▶ [DATA TO USE]

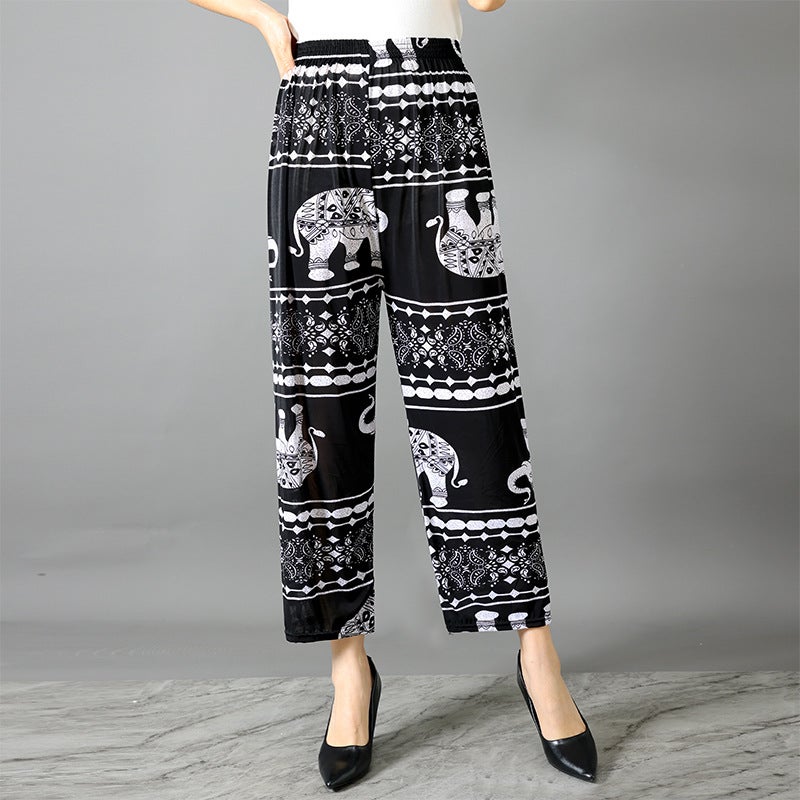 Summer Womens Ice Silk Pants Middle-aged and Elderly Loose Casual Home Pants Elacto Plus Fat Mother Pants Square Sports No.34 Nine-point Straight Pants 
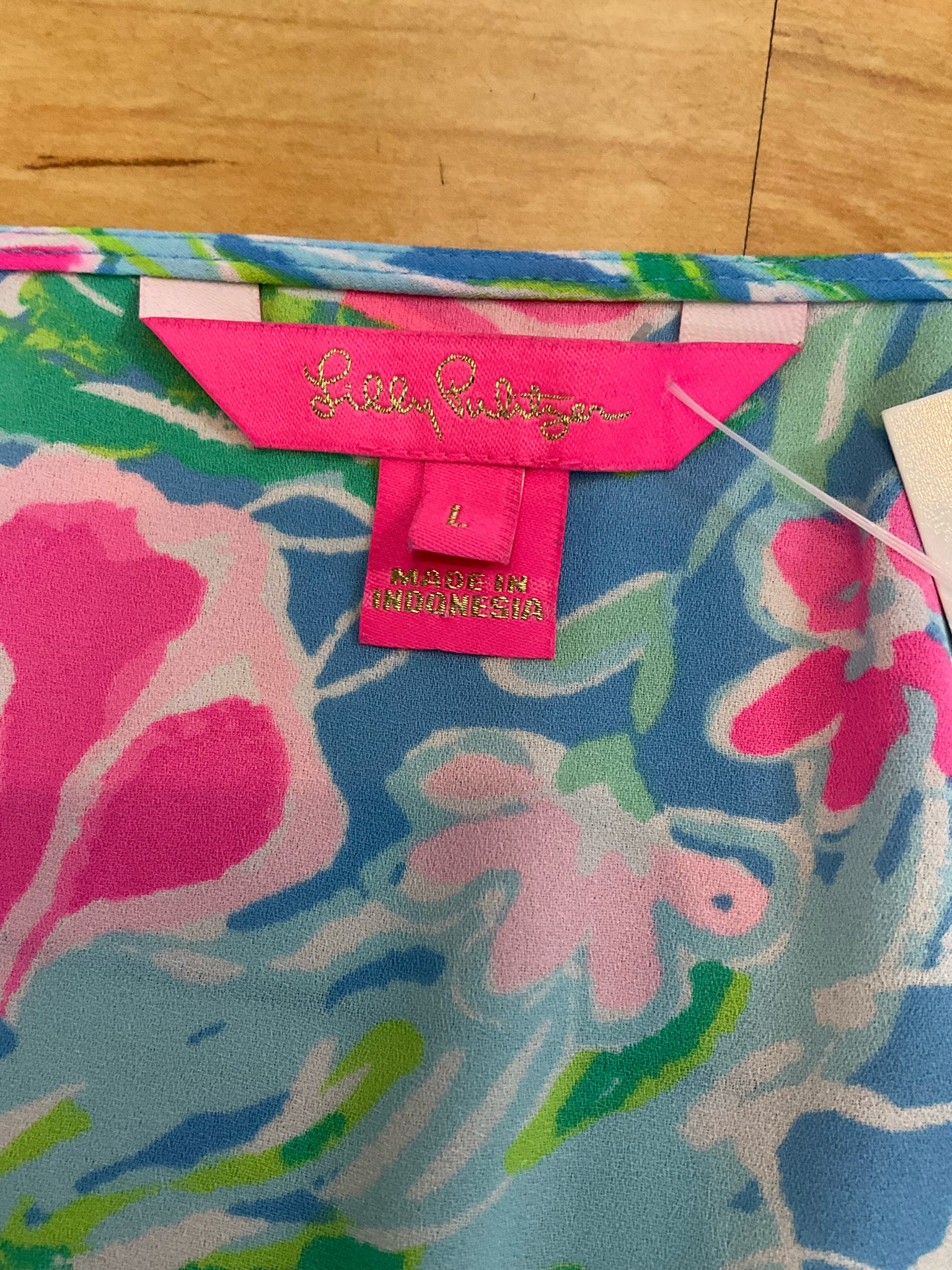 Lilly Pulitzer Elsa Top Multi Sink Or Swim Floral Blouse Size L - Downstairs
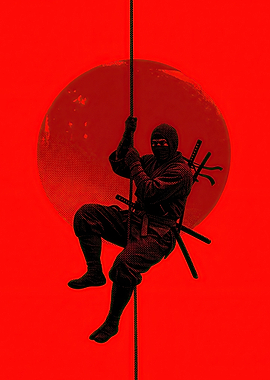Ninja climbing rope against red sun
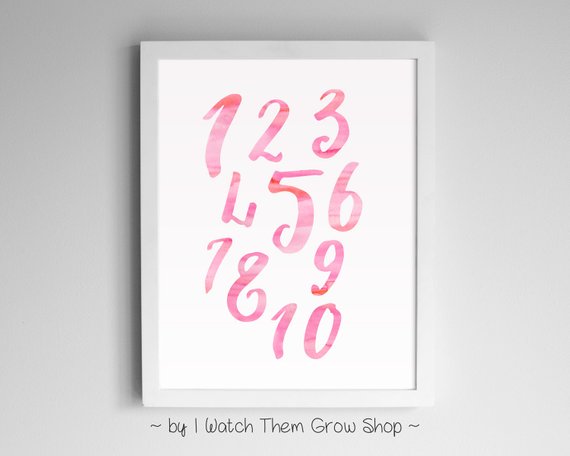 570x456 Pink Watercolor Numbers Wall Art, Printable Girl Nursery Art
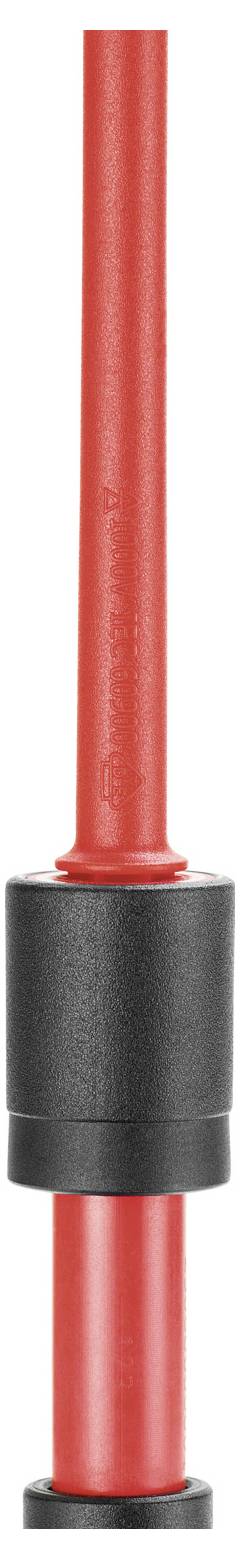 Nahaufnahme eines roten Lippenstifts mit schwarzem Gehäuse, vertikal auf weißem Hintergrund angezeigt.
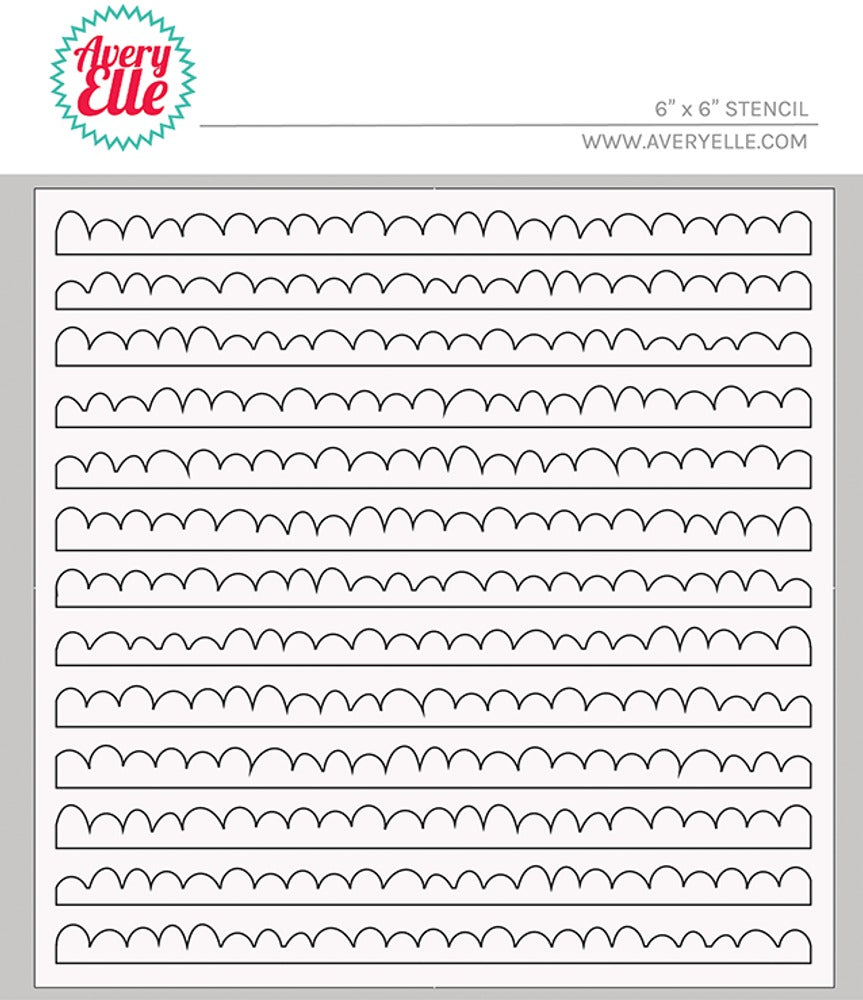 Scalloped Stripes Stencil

--

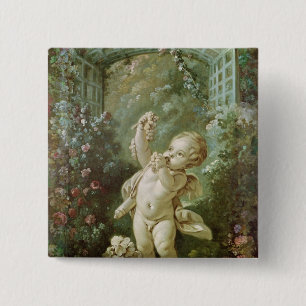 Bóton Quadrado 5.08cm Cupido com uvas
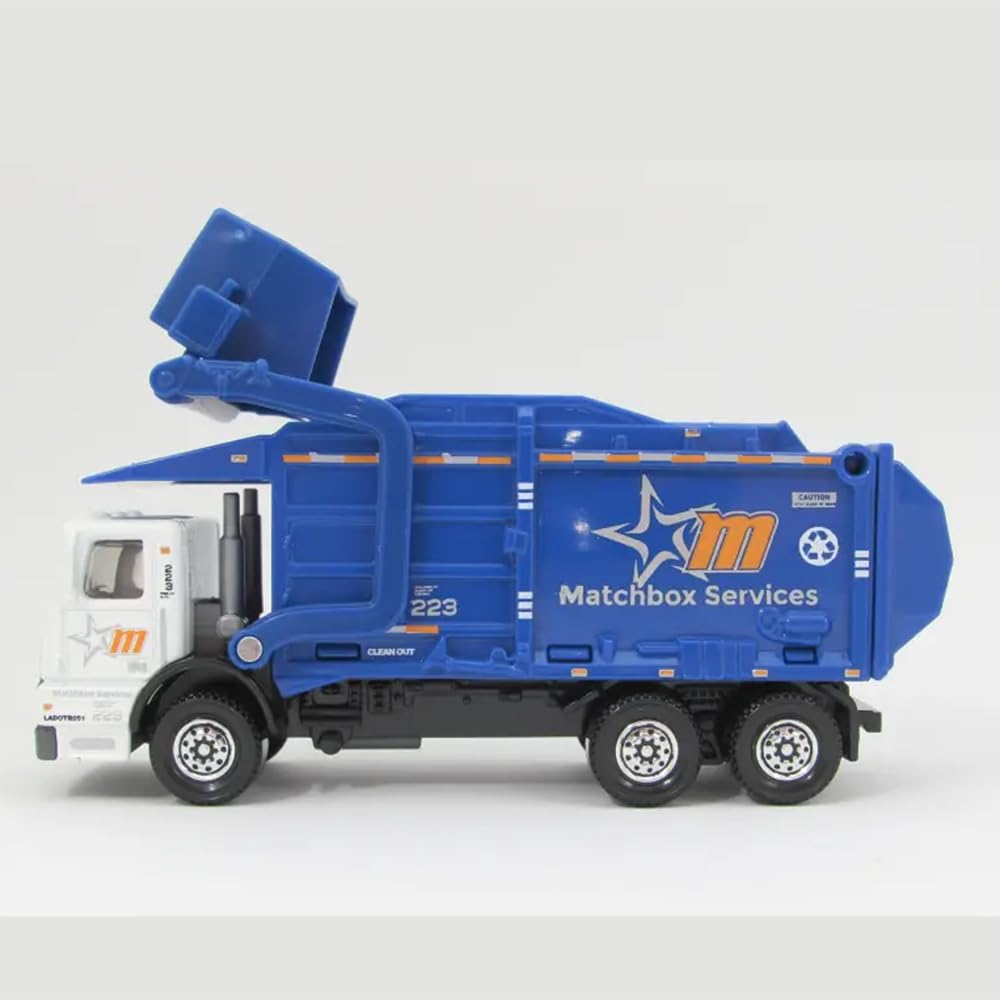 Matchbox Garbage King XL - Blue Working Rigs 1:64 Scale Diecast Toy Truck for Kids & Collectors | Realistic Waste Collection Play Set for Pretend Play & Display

▶ [BRIEF]
Transcribe, from the material above, the stretch starting at the line with "Nahaufnahme eines roten" and ending at the line with "Scalloped Stripes Stencil", both included, exactly. Do not carry over pictures.

▶ [PROBLEM SOLUTION]
 Nahaufnahme eines roten Lippenstifts mit schwarzem Gehäuse, vertikal auf weißem Hintergrund angezeigt.
 Scalloped Stripes Stencil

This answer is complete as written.